While they can sometimes feel confusing or overwhelming, understanding emotions gives you tools to work with them instead of against them.
These 7 essential facts about emotions will give you insight into how they work, why they matter, and how you can start using them to your advantage.
1. Emotions are electrochemical signals that flow through us in an unending cycle.
Every feeling you have begins as bursts of electrochemical activity shooting between your brain and body. When you notice something meaningful in our environment, like a smile, a threat, or an opportunity, the brain responds by releasing neurotransmitters like dopamine or norepinephrine, which shape how you feel and get your body ready to respond.
Think about the last time someone texted you “we need to talk.” Before you even typed a reply, your stomach might have dropped, shoulders tensed, and your mind may have started spinning. That isn’t you being overly sensitive, that’s just how your nervous system works. Your brain picks up on a possible threat, sends chemical messages through your body, your body reacts, and then those reactions feed the feeling right back into your brain.
Scientists call this a feedback loop: Your brain interprets → triggers an emotion → your body responds → your emotional state then shapes your thoughts and behavior.

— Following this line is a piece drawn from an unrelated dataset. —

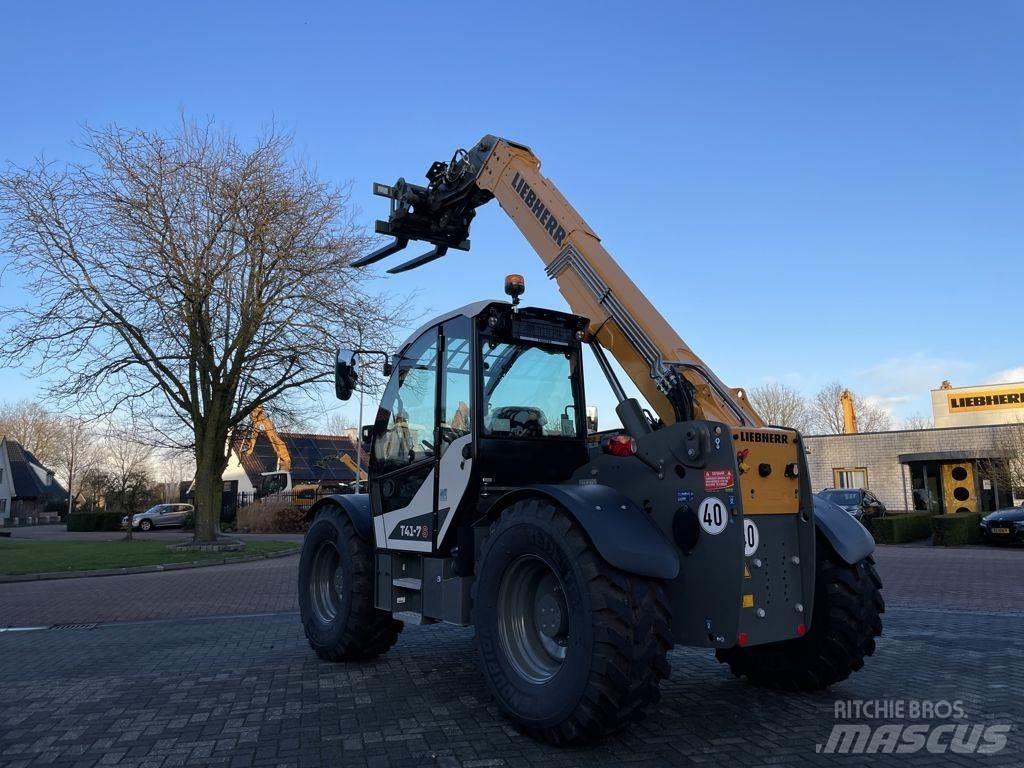 Liebherr T41-7 Teleskopické manipulátory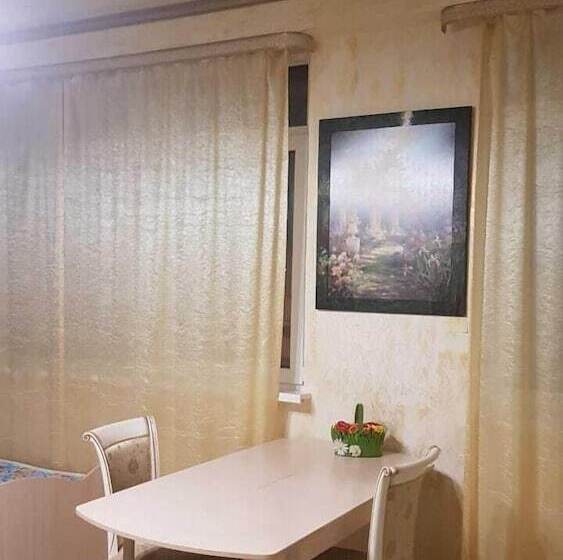 Apartment On Kamyshovaya 41, Apt 2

And it goes both ways. Your body sends signals back, (a racing heart, tight jaw, warm chest) and your brain uses that information to reinforce, or sometimes amplify, whatever you’re feeling.
This is why emotions can feel overwhelming at times: they are not only “in our heads” but also deeply physical, affecting heart rate, digestion, and even immune response. If you want to dig deeper into this mind-body link, The Physics of Emotion: Dr. Candace Pert on Feeling Go(o)d is a great place to start. It explores how emotions act as feedback loops carrying vital information to help us function.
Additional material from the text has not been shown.